In parallel with his writing and managing career, Dibdin in 1802 joined his brother Charles in acquiring for £1400 a quarter-share in Sadler's Wells, which by 1805 was making good returns. But theatrical speculation was always uncertain, and their involvement in the Dublin theatre about the same time lost the two brothers nearly £2000.

On Thomas Harris's retirement in 1809, Dibdin left Covent Garden - Anne having departed a year earlier - and bought a cottage at Betchworth, in Surrey, with a view of settling and it was there that his son Thomas Colman Dibdin, who was to grow up to be an artist, was born.

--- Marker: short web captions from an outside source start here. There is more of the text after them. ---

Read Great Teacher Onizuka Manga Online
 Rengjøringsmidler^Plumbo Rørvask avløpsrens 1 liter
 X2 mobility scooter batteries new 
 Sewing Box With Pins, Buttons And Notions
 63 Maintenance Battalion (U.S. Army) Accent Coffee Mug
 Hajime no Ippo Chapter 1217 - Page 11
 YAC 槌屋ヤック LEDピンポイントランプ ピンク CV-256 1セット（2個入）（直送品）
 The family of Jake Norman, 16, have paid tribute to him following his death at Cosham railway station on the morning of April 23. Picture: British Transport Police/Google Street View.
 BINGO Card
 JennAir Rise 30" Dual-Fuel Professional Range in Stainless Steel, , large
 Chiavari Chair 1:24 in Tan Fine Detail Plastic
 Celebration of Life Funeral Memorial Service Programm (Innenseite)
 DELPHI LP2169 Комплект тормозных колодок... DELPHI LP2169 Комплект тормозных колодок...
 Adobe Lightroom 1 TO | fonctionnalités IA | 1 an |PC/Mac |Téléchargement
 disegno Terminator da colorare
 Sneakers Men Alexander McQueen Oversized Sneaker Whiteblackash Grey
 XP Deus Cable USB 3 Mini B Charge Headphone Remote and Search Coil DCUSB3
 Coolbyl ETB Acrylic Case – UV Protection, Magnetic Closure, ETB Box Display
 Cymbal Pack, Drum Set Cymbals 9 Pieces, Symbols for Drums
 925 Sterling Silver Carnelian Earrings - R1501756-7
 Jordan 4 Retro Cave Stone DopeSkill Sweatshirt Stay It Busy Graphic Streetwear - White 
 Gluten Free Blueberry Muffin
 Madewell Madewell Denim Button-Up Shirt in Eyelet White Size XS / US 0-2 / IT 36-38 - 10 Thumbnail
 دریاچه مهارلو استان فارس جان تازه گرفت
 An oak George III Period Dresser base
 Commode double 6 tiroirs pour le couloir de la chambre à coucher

The use of the name Colman is significant as Thomas had work with and was friends with George Colman Junior who also was a playwright and theatre manager.

He intended to write free from London's temptations but soon found himself drawn back into the London life and theatre world.

 

Dibdin was prompter and pantomime writer at Theatre Royal, Drury Lane until 1816, when he took over the Surrey Theatre.

The Theatre Royal was another theatre that had employed Agostino Aglio in 1806.

The Surrey was in fact the old Royal Circus in St George’s Field in Lambeth that his Father had opened some years before in 1782. It is interesting that this was in 1816, just 2 years after his father had died, perhaps he felt that he could succeed with the theatre where his father had failed only two years after he opened it.

A view of The Royal Circus in St George’s Fields

This venture proved disastrous, and in 1822 he became bankrupt with debts of £18,000

 

 From Oxford Dictionary of National Biography
 
“At this juncture Dibdin accepted a three-year summer contract as stage-manager at Morris's Haymarket, at £200 with one benefit, while Ann superintended the women's wardrobe for ‘a very trifling salary’” 
This time in the Haymarket was a disastrous period and Thomas  ended up in King's Bench Prison in 1824, the same one that Aglio had entered a few years before.

It is interesting that 1806 Agostino Aglio was busy across the road at the Majestic painting a backdrop.

It is almost mystical how the two families, the Dibdins and the Aglios moved in such similar circles and eventually in 1878 some couple of generations later they join when William Joseph Dibdin married Marian Aglio.

One would think that once in debtor prison would be enough and that a man with his capability would somehow sort life out so that he and his family could be a little more settled. But no! Life had to go on in the same adventurous way.

After this he secured the stage-managership of Sadler's Wells, beginning on 4 April 1825 at £400 per annum, Dibdin moved to the spaciousness of Myddelton Square in the nearby New Town and hoped to start afresh. His contract was renewed at intervals and he continued to write burlettas for Sadler's Wells until mid-1828, shortly before Ann Dibdin's premature death on 29 August. He married Catherine Court at St Pancras on 9 April 1829 and at the age of fifty-eight began a new family.

In 1827 he published two volumes of Reminiscences; and at the time of his death he was preparing an edition of his father's sea songs, for which a small sum was allowed him weekly by the Lords of the Admiralty. Of his own songs, "The Oak Table" and "The Snug Little Island" were popular at the time.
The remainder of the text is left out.